Search code examples
gitgit-rewrite-historybfg-repo-cleaner

git: --prune-empty after using bfg duplicates commits


I am using bfg to remove some subdirectories from a (clone of) git repository:

java -jar bfg-1.12.12.jar --delete-folders {folder1,folder2,folder3} --no-blob-protection myrepo.git/
git reflog expire --expire=now --all && git gc --prune=now --aggressive

This works OK but after I have used bfg I have many empty commits (i.e. commits with nice log messages but without changes because they only touched files that have been removed now).

So as next step I tried to use

git filter-branch --commit-filter 'git_commit_non_empty_tree "$@"' HEAD

or

git filter-branch --prune-empty --tag-name-filter cat -- --all

Both versions do not have the desired effect (removing empty commits).
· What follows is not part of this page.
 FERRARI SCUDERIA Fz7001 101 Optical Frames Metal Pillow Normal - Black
Instead what I end up with is a repository where (see screenshot below, left is before pruning, right is after):

  1. a few empty commits have been removed
  2. most empty commits remain
  3. non-empty commits are duplicated in separate trains of commits

enter image description here

Any advise?


Solution

  • From the duplicate history you are seeing, it seems likely that your post-BFG-run attempt to remove the old, now-rewritten commit-history has failed. This could occur for a number of reasons, but the main one is if myrepo.git is not a bare/mirror-clone repo as outlined in the BFG instructions.
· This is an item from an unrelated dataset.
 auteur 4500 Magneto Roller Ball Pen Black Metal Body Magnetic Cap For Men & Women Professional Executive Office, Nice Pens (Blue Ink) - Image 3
    Something is retaining the old, pre-BFG rewrite history, which now shows as a duplicate. It is possible or even likely that this history is stored in a remote such as origin, and this would also explain why your filter-branch is not removing all the empty commits you expect.

    Finally, you may be interested in a current pull-request to add the --prune-empty-commits feature to BFG - it works well and as with everything BFG, is orders of magnitude faster than running filter-branch.